Barbershop music has moved well beyond red stripes and straw hats, and there’s no better proof than this Rockford chorus. Using just their voices, these singers are making waves on the city’s music scene.
A Cappella is Italian for “in the manner of the chapel,” and it describes a unique style of singing that’s performed unaccompanied by instruments. With roots that stretch back to the 15th century, this style remains popular with music fans thanks to groups like Pentatonix, Home Free, The Swingle Singers and movies like “Pitch Perfect.”
The world of a cappella is a diverse one that mixes in a variety of styles, including jazz, contemporary, doo-wop and barbershop, just to name a few. A cappella groups range in size from a four-member quartet to entire choruses with several members creating lush and complex melodies.
In the Rockford region, several groups make up the a capella scene, but few have the recognition that’s been awarded to the 2nd City Chorus. This award-winning group consists of men and women of all ages and backgrounds, and their specialty is the barbershop style, a form of a cappella known for tight vocal harmonies that form constant chords.
David Mouri has managed the 2nd City Chorus for the past 10 years.
“Barbershop a capella has really progressed over the years to include relevant music that also represents the culture of the day,” says Mouri, who also sings with the chorus. “It is no longer the stereotypical image of men in striped suits with straw hats singing ‘Sweet Adeline.’”
Mouri has been a vocalist for 42 years, singing bass in the chorus and in his own barbershop quartet, called 2nd Opinion.
“The style is complex. It is an art form,” says Mouri. “You are not just focused on harmonizing with one another. You are moving in a lot of different ways throughout the song to create the perfect tone.”

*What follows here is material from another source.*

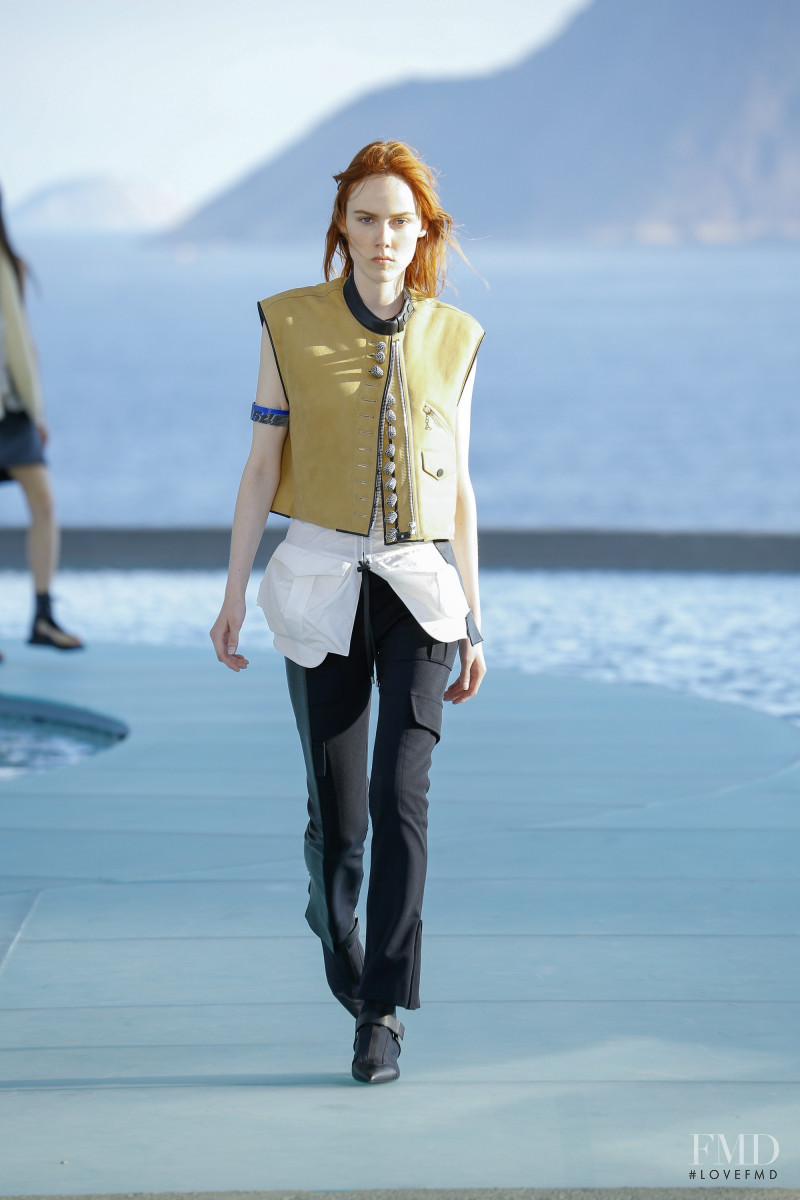 Kiki Willems featured in  the Louis Vuitton fashion show for Cruise 2017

The 2nd City Chorus has deep roots in Rockford. It was founded in 1996 by original members of the Sinnissippi Sound Chorus, some of whom had a great deal of experience directing barbershop quartets. At least one founder had won international acclaim with the West Towns Chorus, from Lombard, Ill.

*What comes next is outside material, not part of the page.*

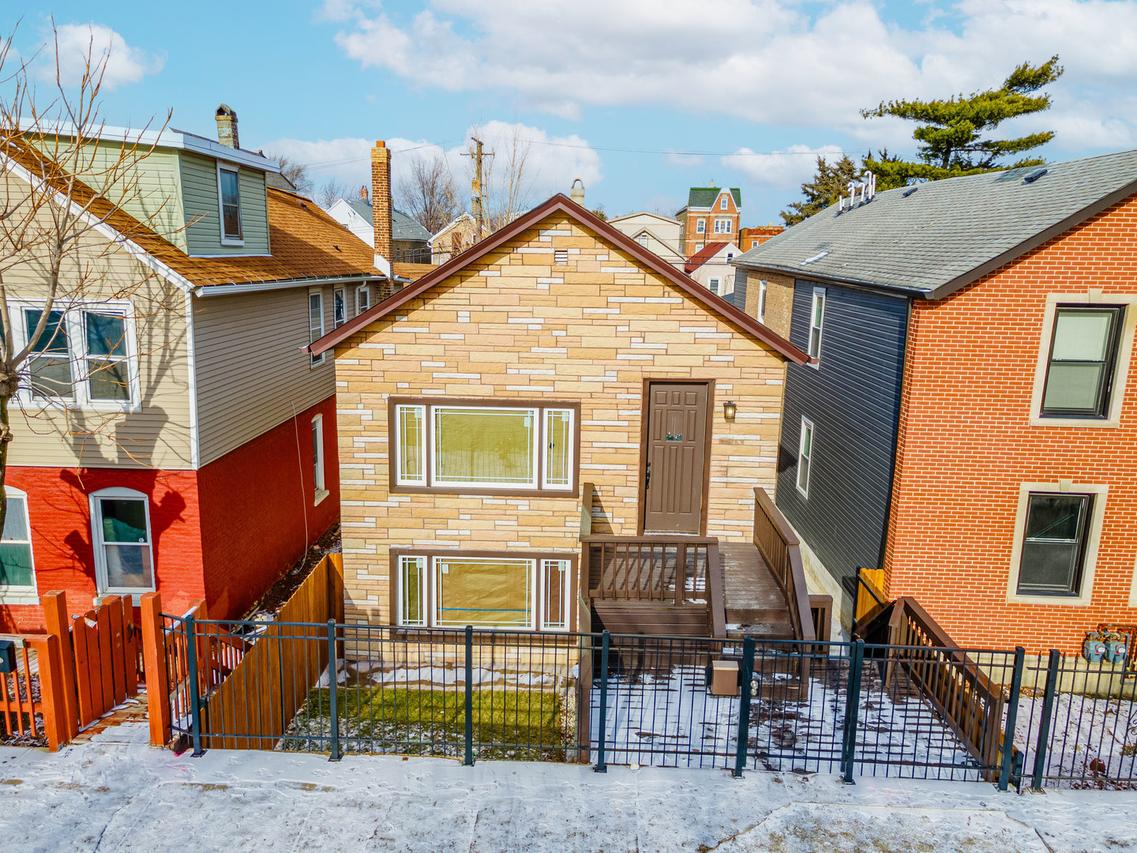 2226 W 24th St., Chicago, IL 60608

In establishing 2nd City, their goal was to continue the momentum in Rockford, this time expanding their playbook to genres beyond just barbershop. In 2005, the new group competed in its first Illinois District contest and came home with a win that helped establish the chorus as a serious group of singers. The chorus continues to compete every other year in the Illinois District against 40 choruses and 25 to 35 quartets. During off years, they produce an annual show featuring a variety of musical styles.

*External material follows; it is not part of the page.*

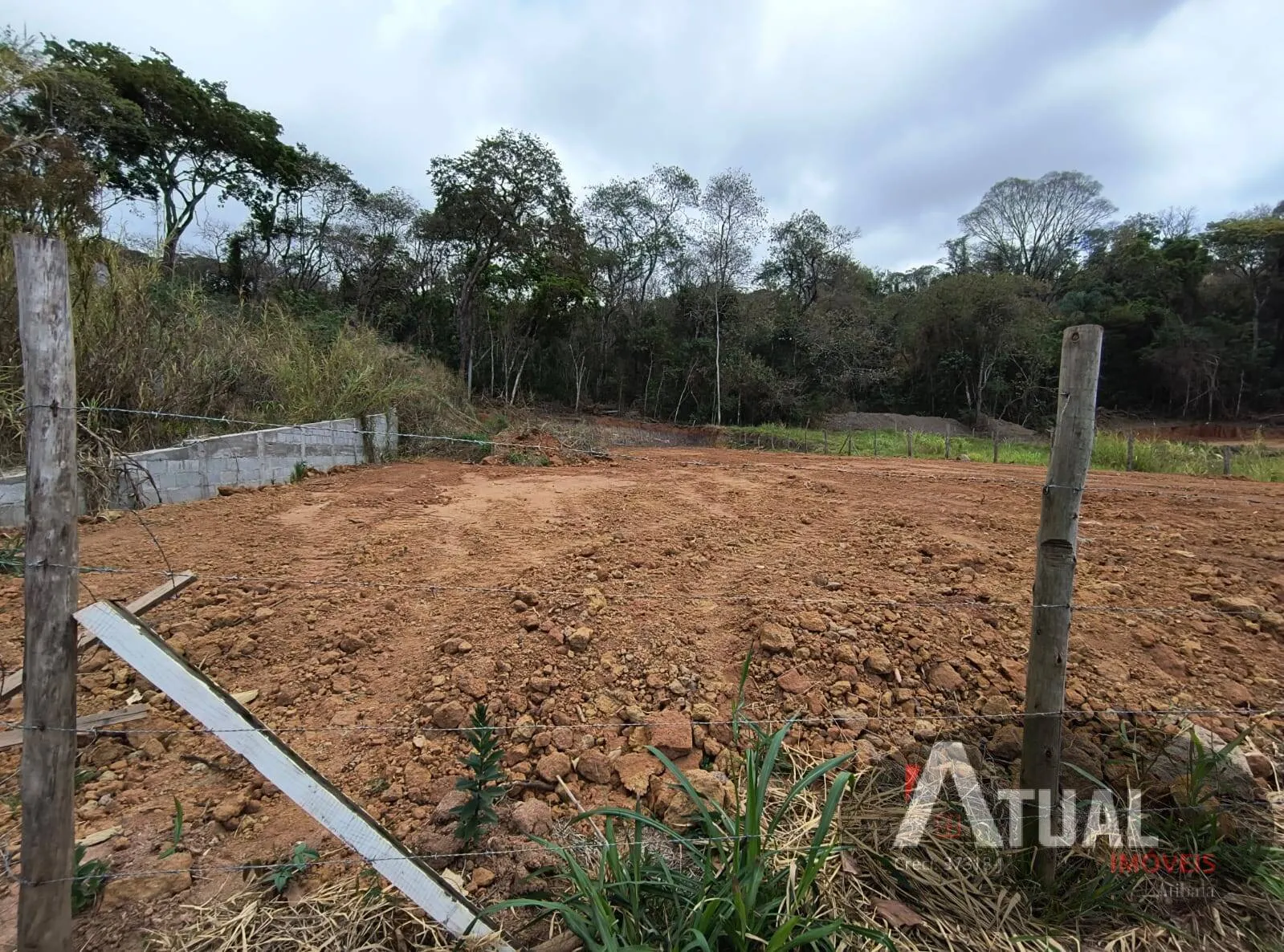 Terreno à venda de 1.000 m² em Atibaia, SP, Brasil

The chorus is part of the Rockford Metro chapter of the Illinois District of the Barbershop Harmony Society, and they’ve competed in many of the Society’s competitions, winning the Small Chorus championship in the Illinois District as well as the Illinois District’s Most Entertaining Chorus award.
The 2nd City Chorus has been under the musical direction of Joe Tomecek since 2010. Tomecek has also been an assistant director with the West Towns Chorus for over a decade, and he remains with West Towns as a singer, baritone section leader, assistant director and chorus performance coach.
Today, 2nd City Chorus is made up of 21 singers, both men and women, from all walks of life. They are teachers, engineers, salesmen, pilots, mechanics, counselors, doctors, nurses and retirees with a love of music that brings them together.
The chorus was not always mixed company. Barbershop groups were a men-only affair until 2017, when the Barbershop Harmony Society made a radical decision to welcome women as full members. The 2nd City Chorus embraced the new direction and, following the Harmony Society’s fall contest, were crowned as the first Mixed Chorus Champions.
Things have stalled in the choral world since the outbreak of COVID, but 2nd City Chorus plans to return to competitions in September. There’s also a push to attract new members, with the hope that young people will take an interest in the art form.
“Barbershop-style music has been arranged in a lot of modern songs now,” says Mouri. “The genre is keeping up with the times. It is relevant to modern music today.”
To get the word out, 2nd City performs at community events and appears periodically at nursing homes or at Rockford Rivets baseball games, where they sing the National Anthem. They also perform at Midway Village Museum for a number of events, including the Great War and World War II Hands on History days.
The public is even invited to take free singing lessons through a six-week program where participants learn about breathing techniques, singing techniques and blending vowels – key qualities to producing the unique barbershop style. At the end of the program, participants join members of the 2nd City Chorus in a concert for family and friends.
The 2nd City Chorus rehearses every Tuesday from 7 p.m. to 9:30 p.m. at Christ United Methodist Church, 4509 Highcrest Road in Rockford. To hire the chorus for an event, or to join its ranks, connect online at 2ndcitychorus.com.
Joining the chorus is easy and open for people with different levels of singing experience.
“Singing in a chorus is easier because you have other people who can back you up,” Mouri says.